Monday September 15 2025, 11pm (CEST) 9am (NZST)
Hannah Greenhough1,2, Craig Waugh1, Roel van Ginkel1, Joel Bowater1, Gurmeet Kaur1, Joy Oakly1, Maxence Plouviez1, Richard A. Ingebrigtsen1, Johan Svenson1, Andrew I Selwood1, Kirsty F Smith1, Chris M Brown2, Julien Vignier1, Nathan J Kenny2, Anne Rolton1
Alexandrium pacificum: From Ecological Challenge to Biomedical Opportunity
1Cawthron Institute, 98 Halifax Street East, Nelson, 7010, New Zealand
2Department of Biochemistry Te Tari Matu Koiora, School of Biomedical Sciences, University of Otago, Dunedin, New Zealand
Marine microalgal toxins present opportunities for drug discovery but also pose substantial risks to aquaculture and coastal environments. The dinoflagellate Alexandrium pacificum produces paralytic shellfish toxins (PSTs), highly potent blockers of voltage-gated ion channels and promising candidates for drug development. Their complex chemistry and limited natural availability have constrained wider application, but recent advances in large-scale cultivation of A. pacificum have enabled gram-scale production of gonyautoxins, providing new opportunities for pharmaceutical and research applications.
In parallel, A. pacificum blooms pose significant challenges to aquaculture. In Aotearoa New Zealand, harmful algal blooms impact the green-lipped mussel (Perna canaliculus), a species of high economic, ecological, and cultural value. Experimental exposures to A. pacificum showed that early life stages are particularly sensitive, with mussel sperm mortality, embryo lysis, and up to 85% reductions in larval development at cell concentrations found in natural blooms. Later stages exhibit impaired growth, reduced attachment, and stress responses involving oxidative damage and immune suppression. These effects are further compounded when blooms coincide with marine heatwaves, intensifying impacts on mussel survival and recruitment.

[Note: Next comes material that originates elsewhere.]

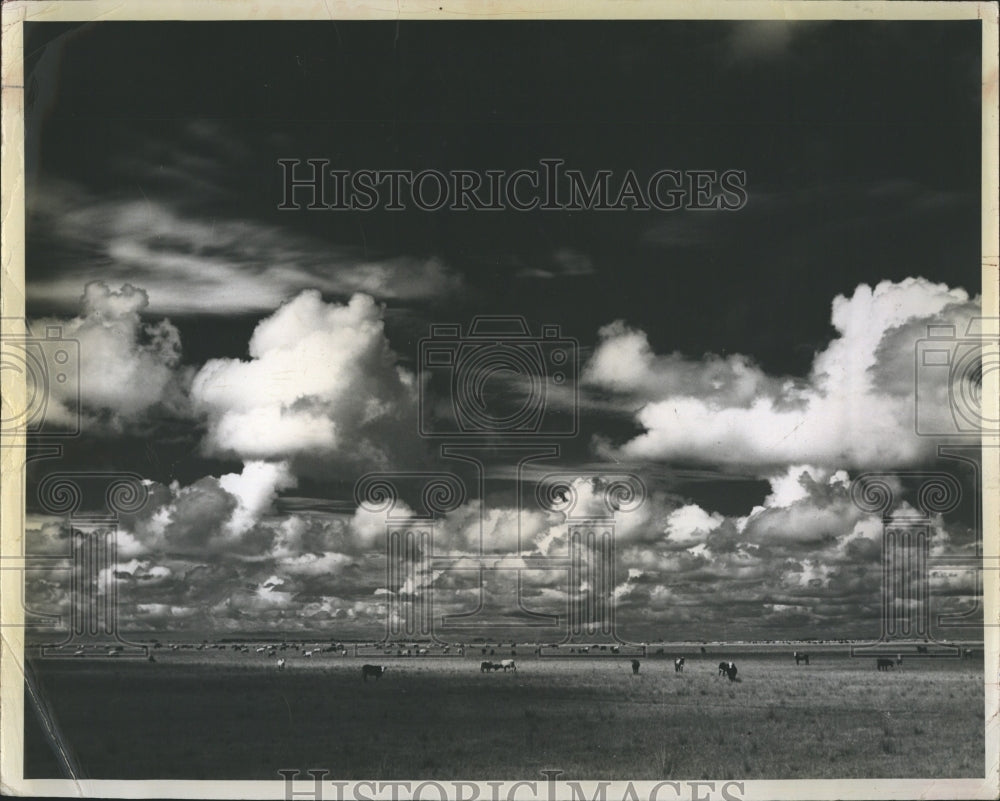 1976 Cows glazing in open field,Pinellas Co,Fla - Historic Images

Together, these findings highlight the contrasting impacts of A. pacificum. On one hand, its toxins represent valuable pharmacological tools with potential to drive drug discovery and biomedical innovation. On the other, the same compounds and associated bloom events disrupt mussel development, compromise aquaculture production, and threaten the resilience of coastal ecosystems. Recognising both the opportunities and risks of A. pacificum is essential for realising the biomedical potential of PSTs while developing strategies to protect aquaculture and coastal ecosystems under future climate change.